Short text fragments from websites
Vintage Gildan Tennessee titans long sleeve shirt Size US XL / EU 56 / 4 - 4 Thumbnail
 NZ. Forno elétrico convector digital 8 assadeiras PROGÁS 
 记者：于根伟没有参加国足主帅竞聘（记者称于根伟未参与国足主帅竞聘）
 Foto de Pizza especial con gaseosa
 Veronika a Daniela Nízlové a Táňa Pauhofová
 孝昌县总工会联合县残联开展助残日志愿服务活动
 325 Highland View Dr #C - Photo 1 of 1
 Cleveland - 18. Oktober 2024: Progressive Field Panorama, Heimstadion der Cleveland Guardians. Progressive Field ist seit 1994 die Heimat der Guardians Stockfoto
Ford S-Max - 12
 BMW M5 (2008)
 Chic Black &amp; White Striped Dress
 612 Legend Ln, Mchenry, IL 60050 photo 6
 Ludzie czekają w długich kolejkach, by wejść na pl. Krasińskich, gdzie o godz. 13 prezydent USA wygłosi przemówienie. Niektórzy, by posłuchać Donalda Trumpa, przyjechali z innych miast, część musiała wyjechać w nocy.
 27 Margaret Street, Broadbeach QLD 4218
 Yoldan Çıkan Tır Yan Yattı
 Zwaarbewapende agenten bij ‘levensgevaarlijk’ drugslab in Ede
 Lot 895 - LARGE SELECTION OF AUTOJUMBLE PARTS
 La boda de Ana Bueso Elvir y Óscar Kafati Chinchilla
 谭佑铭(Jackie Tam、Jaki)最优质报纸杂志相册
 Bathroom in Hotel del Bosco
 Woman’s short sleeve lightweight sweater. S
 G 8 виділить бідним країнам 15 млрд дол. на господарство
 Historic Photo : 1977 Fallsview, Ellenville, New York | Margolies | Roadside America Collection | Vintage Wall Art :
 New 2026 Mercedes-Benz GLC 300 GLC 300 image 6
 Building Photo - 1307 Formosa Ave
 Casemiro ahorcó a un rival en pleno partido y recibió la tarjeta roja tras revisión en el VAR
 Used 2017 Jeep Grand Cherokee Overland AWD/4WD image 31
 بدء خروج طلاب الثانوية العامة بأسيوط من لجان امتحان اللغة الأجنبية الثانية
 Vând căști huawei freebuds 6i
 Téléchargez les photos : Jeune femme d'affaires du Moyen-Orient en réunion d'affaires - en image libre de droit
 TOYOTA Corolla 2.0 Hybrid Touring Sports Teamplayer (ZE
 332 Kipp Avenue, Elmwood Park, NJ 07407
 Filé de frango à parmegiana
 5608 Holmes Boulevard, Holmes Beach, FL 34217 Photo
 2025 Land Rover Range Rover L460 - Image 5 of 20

> Problem requirements: Each line from the one with "Used 2017 Jeep" through the end of the entries above is to be returned word for word. Nothing else belongs in the answer.

> Result for this task:
 Used 2017 Jeep Grand Cherokee Overland AWD/4WD image 31
 بدء خروج طلاب الثانوية العامة بأسيوط من لجان امتحان اللغة الأجنبية الثانية
 Vând căști huawei freebuds 6i
 Téléchargez les photos : Jeune femme d'affaires du Moyen-Orient en réunion d'affaires - en image libre de droit
 TOYOTA Corolla 2.0 Hybrid Touring Sports Teamplayer (ZE
 332 Kipp Avenue, Elmwood Park, NJ 07407
 Filé de frango à parmegiana
 5608 Holmes Boulevard, Holmes Beach, FL 34217 Photo
 2025 Land Rover Range Rover L460 - Image 5 of 20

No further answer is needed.